There are a lot of hobbies like that. More than half of woodworking discussions are not about woodworking, but how to setup a great shop and what tools to put into it. Musicians often talk about and trade guitars more than play. Sewing is often more about collecting fabric than doing something with it. That is just a short random example, there are plenty of more.
None of the above are bad things. There is nothing wrong with the above so long as you are honest about it, but it starts to consume time that you think you are spending on something else. Woodworkers need a place to work - while must great things are made in a kitchen that not an ideal location (OTHO I have a nice shop but still work in the kitchen because it is faster to get there). Likewise, your guitar is a part of your sound and so you really should try others from time to time; sewers should have some fabric to work with. Many "woodworkers" changed their goal is restoring old tools as well, which again is fine but not what the hobby it about.
So back to the question: what is the goal? If the goal is to write, then you need to write most of your time. Once in a while it is fine to ask "would a better keyboard be worth it", but if you are not spending the majority of your time on writing tasks (which is mostly editing) you are not a writer.
there was a great passage in jerome k jerome's "three men on the bummel" about how riding bicycles and tinkering with bicycles were both great passions, but any given person could do only one of them.
There was a point in university when I was trying to find the "best" note taking system to be organized and as efficient as possible. Tried some tablets, did latex live during lectures, markdown, you name it.

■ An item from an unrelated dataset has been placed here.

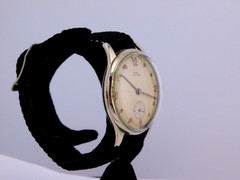 VINTAGE BWC-BRITISH WATCH CO- MILITARY STAINLESS MENS WRISTWATCH SERVICED 1940s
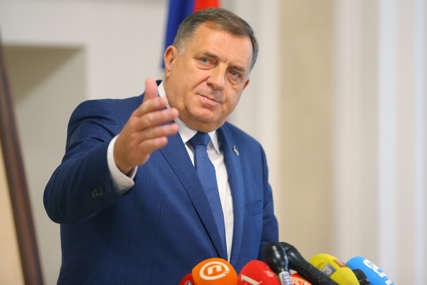 “Licemjerstvo je konstanta u BiH” Dodik ponovio da nema visokog predstavnika, pa se obrušio na Svena Alkalaja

Each time I wanted to do something I'd get blocked on deciding where to write.
Then I realized that I spend more time about thinking about how to organize my notes than actually taking the notes, or even more importantly focus on the content.
That was a freeing realization that got me unblocked. Now I do not have a "system". My thoughts go wherever is most convenient at that moment, I have papers lying around, docs, Apple notes. If they turn out to be important, they'll naturally become structured.
That being said, whenever I see some tool like this, I still have a passing thought - ah, that's a great system I should have it, it will enable me to be more productive :)
5mm (cheap) A4 Pad on my desk and a pen - nothing important/with duration longer than a day or two goes in there (but I write the date at the top right of each page and keep them on a two month sliding date window), I tried taking a photo of each page but realised I never looked back more than a couple of months so just stopped bothering.
Everything else I just throw around on the filesystem wherever makes sense for the thing I'm doing.
I agree with this. I would add that the important part of the practice of writing is not the tools, but once you are writing you can try tools that help you continue. For my creative writing (that I do mostly as a hobby) I have a nice notebook with a nice pen that I use to write short stories and world building excercises, and characters, etc. I don't need the nice notebook, I did not get it before starting, but it does feel nice to come home having thought of what to write and have a pleasant notebook and pen.
My job includes writing technical documents but I use latex and emacs because that's what I have always used.
I thought about it when I read Charlie Stross getting one last year [0]. Then thought, what is essential about it? And decided to try something related, even if it was likely to be just another distraction:
This is the simple "just-write" function I wrote in emacs, and it also needs the olivetti package and the wmctrl program.
To my surprise, it actually did the trick. I've written more and more pleasantly since then. I feel it's better than if I had gotten a Writer Deck or similar. So I thought I'd share in case it does the trick for anyone else.
(I also use a font and a color scheme that pleases me, but that's minor.)
Seems similar to people who keep buying tools, say for woodworking, and never really start a project. Like a kind of procrastination. Although there are people that are aware of that, but they have just pleasure with it. I guess is ok.
Pad plus paper works best for me. Although truth be told I did fall down the fountain pen/ink/fine paper rabbit hole, so honestly there is no escaping it.